Drones are the building blocks of Agalma and are both intimate and alien. There’s a comfort to hearing the unmistakably familiar sound that McDowall summons through them, the deeply impassive tones given quivering life through deep waves of subtle modulation and overt processing. Indeed, there’s a real physicality and carriage to these deep synthesized and sampled tones that give them an almost physical carriageat proper listening volume. The tension between their overtly synthetic nature and the sparseness of their arrangement and their warmth and expressiveness provides a rich emotional foundation for McDowall and his collaborators to build from. It’s unsurprisingly a somewhat melancholic record overall although there’s definite shades within that: the foreboding and eventually cathartic release in the slow-motion build of the collaboration with multi-instrument experimentalist Robert Aiki Aubrey Lowe on “Agalma III” is distinct from the rattling disquiet of “Agalma VI”.
It’s often in the nature of the album’s numerous collabs that McDowall’s touch as an arranger and composer is best understood. “Agalma II” speaks to both his slowburn approach to assembling songs and the complex and evolving sequencing of Italian synthesist Caterina Barbieri’s work, finding a rich internal complexity that deepens emotionally as the track progresses. In contrast “Agalma V” finds McDowall synchronizing with the meditative and minimalist compositions of Kali Malone in a manner that makes disquieting use of proximity, its sounds existing within a hairs breadth of each other without ever becoming one in the mix.

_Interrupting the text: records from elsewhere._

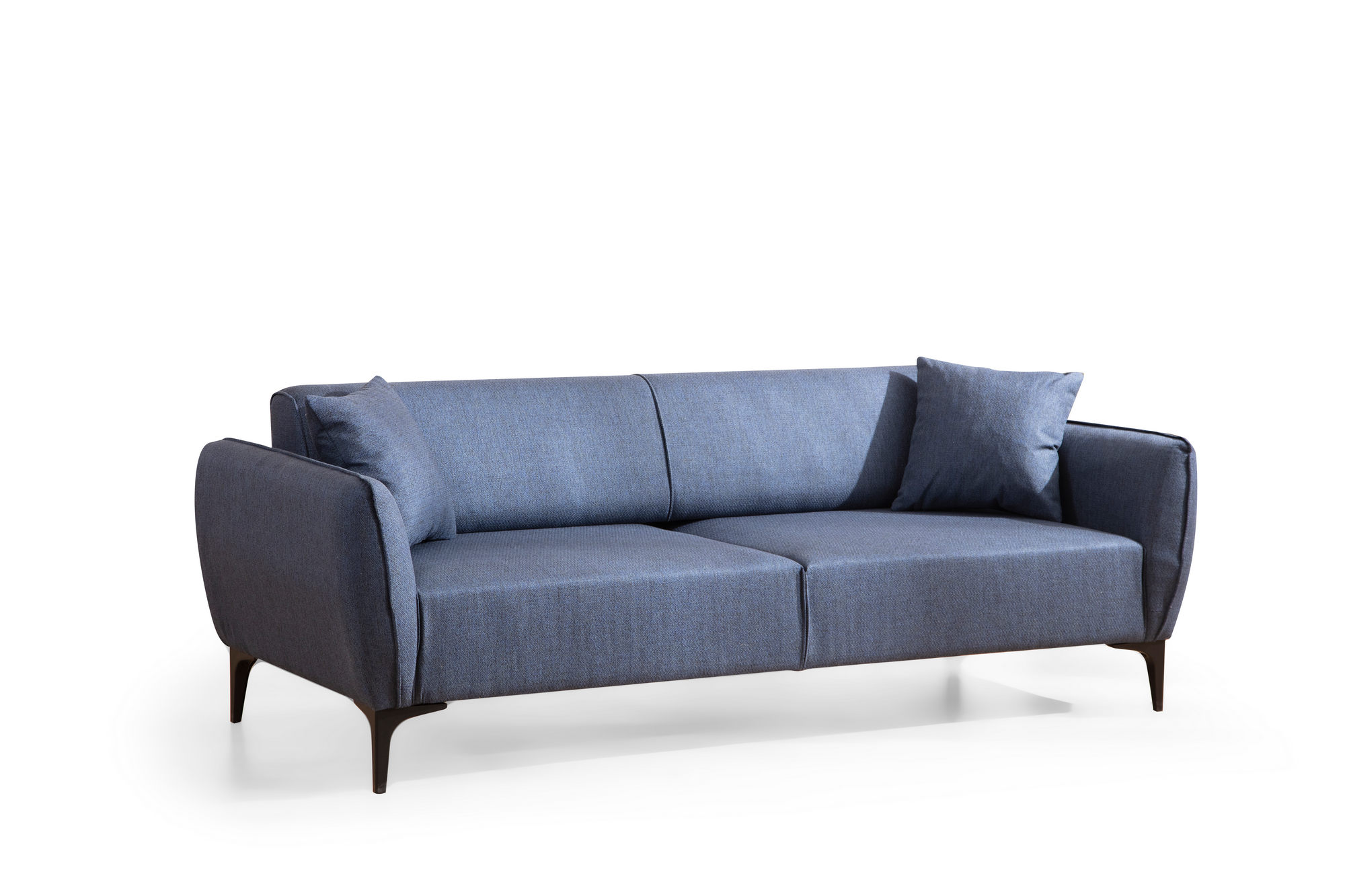 Belissimo - Blue
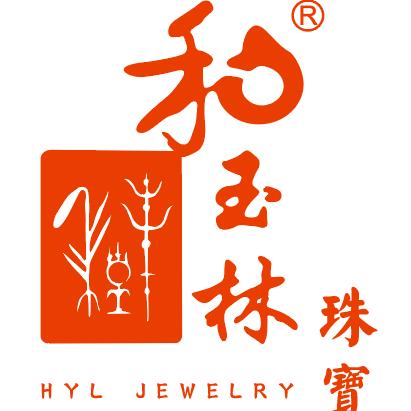 子航说玉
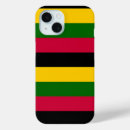 Recherche de africain iphone coques Noir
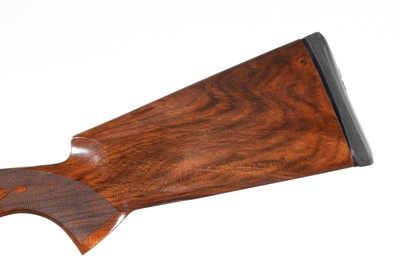 Caesar Guerini Invictus I O/U Shotgun 12GA - Image 15 of 20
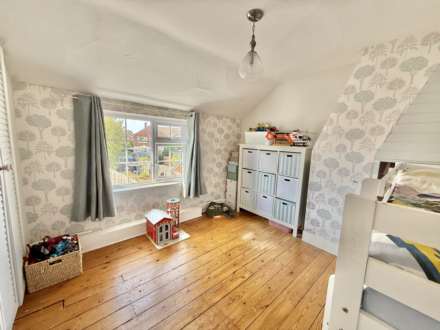 St Johns Road, Oxfordshire, Image 11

The record’s triumphant moment is the towering nine minute “Agalma VII (Toyor El Janeh)”, where the efforts of Jordanian beatmaker Bashar Suleiman, sound artist and vocalist Elvin Brandhi and Saudi singer-producer MSYLMA are woven together into a wondrous whole, summoning and then losing itself in a vast and unknowable universe of sound.
For all of Agalma’s abstraction and scope, it’s never a record that you can’t grasp, feel and experience. There’s a very human comfort to be found in its halls, passageways and recesses, and a tangibility to the succor it can provide. With it, Drew McDowall has made a record that not only affirms his considerable contributions to the last quarter century of industrial and post-industrial music and experimentation, but stands alongside some of the great records of that tradition. Agalma is as profound and fascinating as it is arcane and numinous. Highly recommended.